By Hana Namrouqa

AMMAN – Chukar and partridge populations are declining due to a scarcity of rainfall and illegal hunting, according to conservationists.

Hunters’ ignorance of the hunting schedule set by the Royal Society for the Conservation of Nature (RSCN) has led to a decline in the number of the two species – ground-nesting birds largely sought by hunters – while a drop in rainfall over the past years has affected their natural habitat, Mahdi Qatramiz, head of the RSCN’s conservation and hunting regulation section, said on Wednesday.

In addition, collection of the birds’ eggs contributed to their dwindling population, he noted.

“To this end, the RSCN banned the hunting of chukars and partridges as of this month and the Ministry of Agriculture announced the end of the hunting season for the two birds,” Qatramiz added.

A team from the RSCN recently carried out a survey to evaluate the chukar and partridge population in Jordan, he said, noting that their population has notably declined compared to previous years.

“The hunting ban went into effect on September 1 and will continue until November; however, the hunting of wild pigeons is still permitted,” the conservationist said.
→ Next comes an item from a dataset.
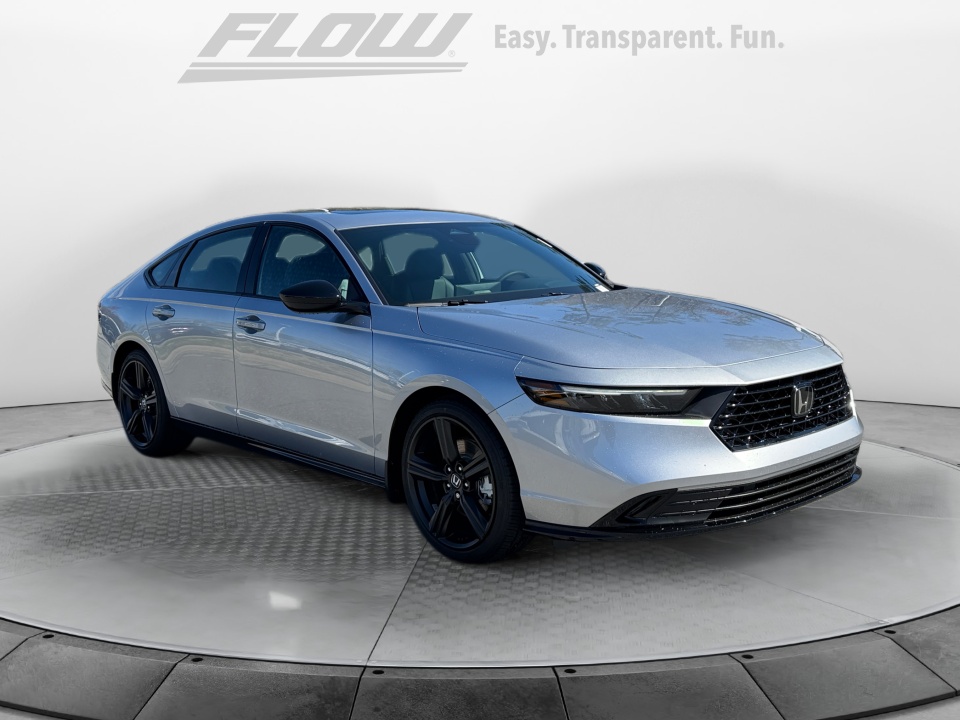 used 2026 Honda Accord Hybrid Sport-L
Under RSCN regulations, those who hunt chukar and partridge outside the allotted period are fined JD1,000, sentenced to three months in prison and their weapons are seized, according to Qatramiz.
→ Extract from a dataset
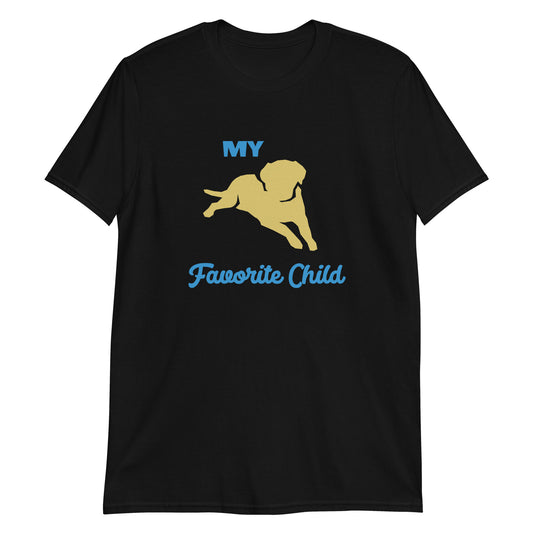 My Favorite Child Dog Short-Sleeve Unisex T-Shirt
The location of hunting activities changes according to the season, with hunters mainly active in the Jordan Valley, mountainous areas and the eastern desert, according to the RSCN.

In 1973, the government gave the RSCN, an independent nonprofit NGO, a mandate to regulate hunting and protect the Kingdom’s wildlife

With almost 4,000 out of an estimated 7,000 hunters in the Kingdom registered with the society, Qatramiz called on hunters to cooperate and abide by regulations.

The RSCN also announced that hunting activities in Ghor Fifa are banned after the Cabinet announced the location as a protected area.

The area, which lies at the southern tip of the Dead Sea, contains remnants of sub-tropical vegetation and freshwater streams that have created an oasis in an arid region, thus attracting migrating birds. Ghor Fifa is also home to the Syrian wolf and the majestic caracal, according to the RSCN.